イングランドからスコットランドへ②境界地点とジェドバラ


”イングランド最後のカフェ”を通りすぎてしばらく行くと、とうとうスコットランドとの境界地点までやってきました。

スコットランドとイングランドは今でこそグレート・ブリテンとしてひとつの国になっておりますが、かつては戦の絶えなかった別々の国。「ようこそスコットランドへ」と書かれた下にはゲール語での表記かな。スコットランドはゲール語ではAlba(アルバ)と言うのだそうです。ゲール語は英語とともに、現在でもスコットランドの公用語なのだとか。

立て看板のデザインも聖アンデレの十字(St.Andrew's Cross)と呼ばれるスコットランドの国旗を表しています。Wikiによると、この国旗は9世紀頃から使われていたという言い伝えもあるそうで、そうなると世界最古のもの・・・となるそうです。


こんな岩もありました。こちら側には【SCOTLAND】の文字。裏側には【ENGLAND】の文字が刻まれています。

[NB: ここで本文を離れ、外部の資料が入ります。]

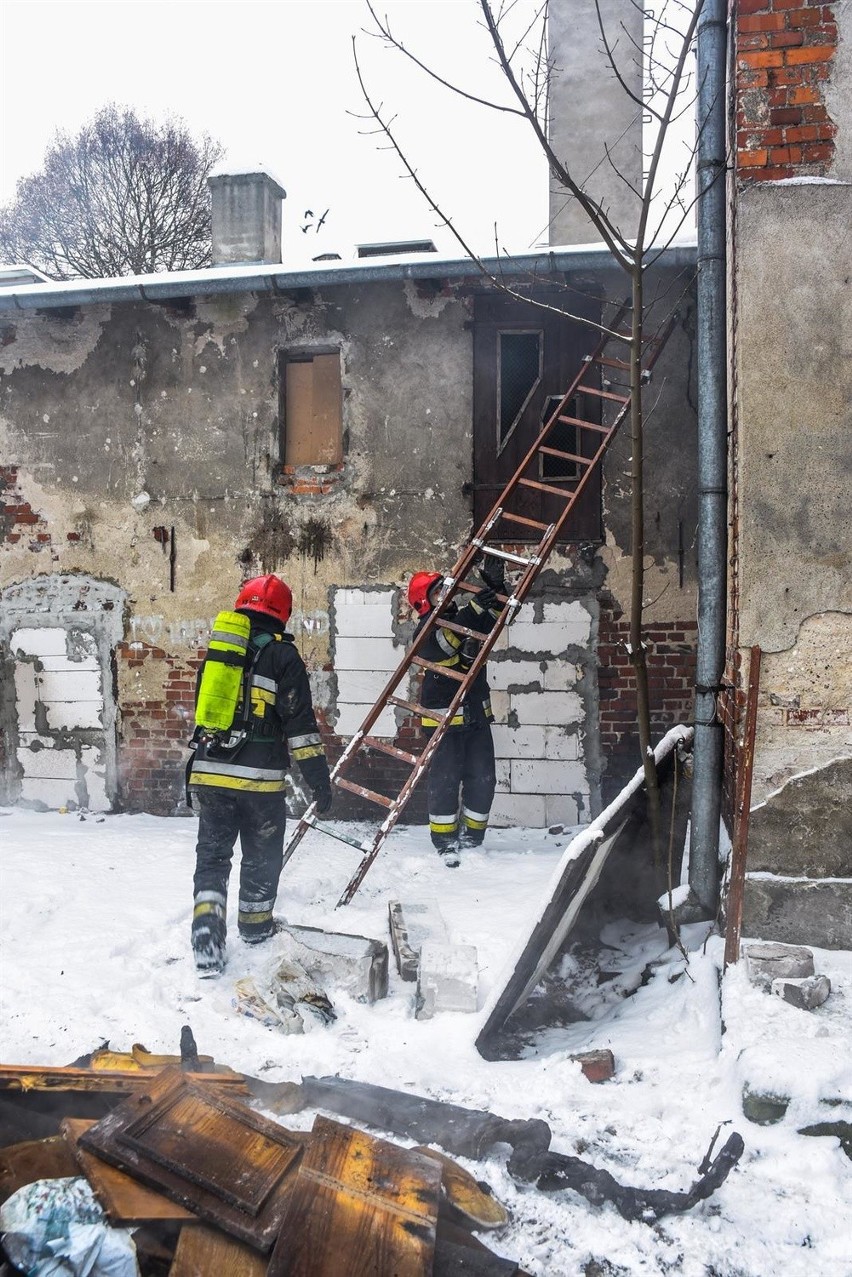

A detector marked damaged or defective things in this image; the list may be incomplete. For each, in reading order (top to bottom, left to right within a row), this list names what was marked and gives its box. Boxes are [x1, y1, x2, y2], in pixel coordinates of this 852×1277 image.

charred wooden door [472, 289, 605, 538] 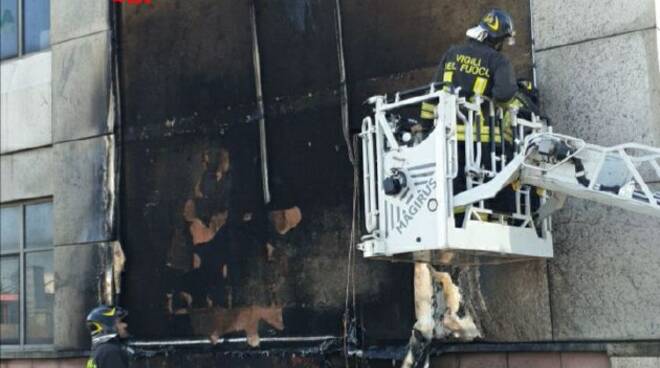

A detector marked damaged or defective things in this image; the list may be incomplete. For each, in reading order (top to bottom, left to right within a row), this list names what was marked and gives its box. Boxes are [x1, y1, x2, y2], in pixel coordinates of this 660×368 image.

もーりーさん、ヨークからここまで、長距離運転お疲れ様!

じつはこの岩の前では、キルトを履きバグパイプを抱えたおじさんが演奏を行なっておりました。ちょうど車を降りたときに終ってしまったのですが、「スコットランドに来た~!!」という気持ちを盛り上げてくれる演出。写真を撮りたかったのですが、演奏が終ると休憩に入っちゃったみたいでどこかに消えてしまいました・・・。残念!


境界地点の風景はこんな感じ。今までと突然変わるというわけではありませんが、気温はかなり低くなってきており、8月1日と言えども半そでのTシャツではちょっと寒いくらいでした。

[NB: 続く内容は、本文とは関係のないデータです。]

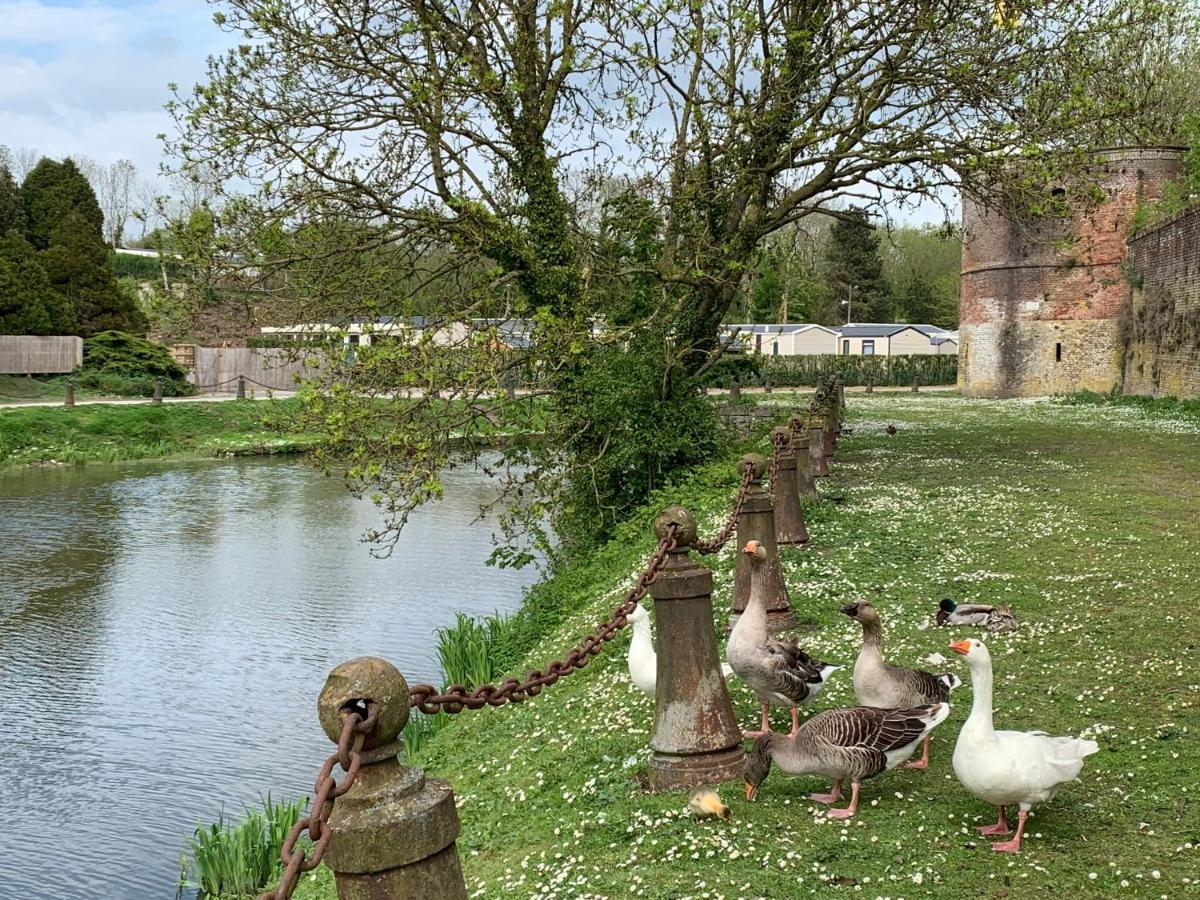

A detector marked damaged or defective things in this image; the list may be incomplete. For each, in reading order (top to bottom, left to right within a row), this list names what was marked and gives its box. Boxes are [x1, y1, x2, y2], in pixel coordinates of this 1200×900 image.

rusty chain [691, 465, 753, 556]
rusty chain [410, 528, 676, 720]
rusty chain [259, 705, 379, 900] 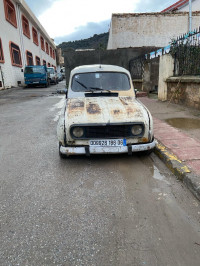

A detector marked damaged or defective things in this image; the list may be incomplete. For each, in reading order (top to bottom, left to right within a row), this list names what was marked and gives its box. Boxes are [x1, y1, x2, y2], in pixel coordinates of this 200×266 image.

rusty car hood [66, 96, 149, 125] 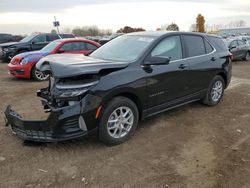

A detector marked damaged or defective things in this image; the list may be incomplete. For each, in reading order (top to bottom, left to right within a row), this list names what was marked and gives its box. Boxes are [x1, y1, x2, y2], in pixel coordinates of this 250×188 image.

crumpled hood [36, 54, 130, 78]
crushed bumper [4, 105, 89, 142] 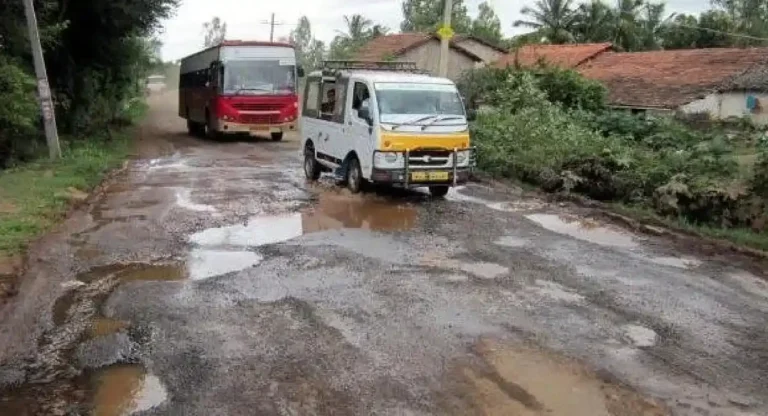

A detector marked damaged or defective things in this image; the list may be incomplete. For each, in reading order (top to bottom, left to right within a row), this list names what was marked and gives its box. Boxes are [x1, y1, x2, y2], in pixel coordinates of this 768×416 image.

cracked asphalt [1, 92, 768, 416]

スコットランドへ入って10マイルばかり先へ進むと、ジェドバラ(Jedburgh)という町へ到着。こちらはとくに目的地というわけではありませんでしたが、インフォメーションセンターがあったので、トイレ休憩も兼ねて車を降りてみることに。駐車場の近くの道の上に、こんな素敵な道しるべがありましたよ。町にはちょっとした観光スポットがあるようです。


インフォメーションセンターの裏手にはなにやら重厚な建物が。こちらは現在はジェドバラ・アビー(Jedburgh Abbey)と呼ばれているもので、いつもの通りWikiの説明を見てみると、こちらは12世紀に建てられた聖オーガスティン修道院の廃墟なのだそうです。


800年もの長い間聖母マリアを奉っていたこの修道院は、20世紀初めに修復の計画もあったようですが、現在では歴史的建造物のひとつとしてこのままの状態で保存されているのだそうです。廃墟となった理由のひとつとしては、16世紀の宗教改革があります。その頃、安全上の理由から別の場所に新たな修道院が建設され、修道士達はここを離れたとのこと。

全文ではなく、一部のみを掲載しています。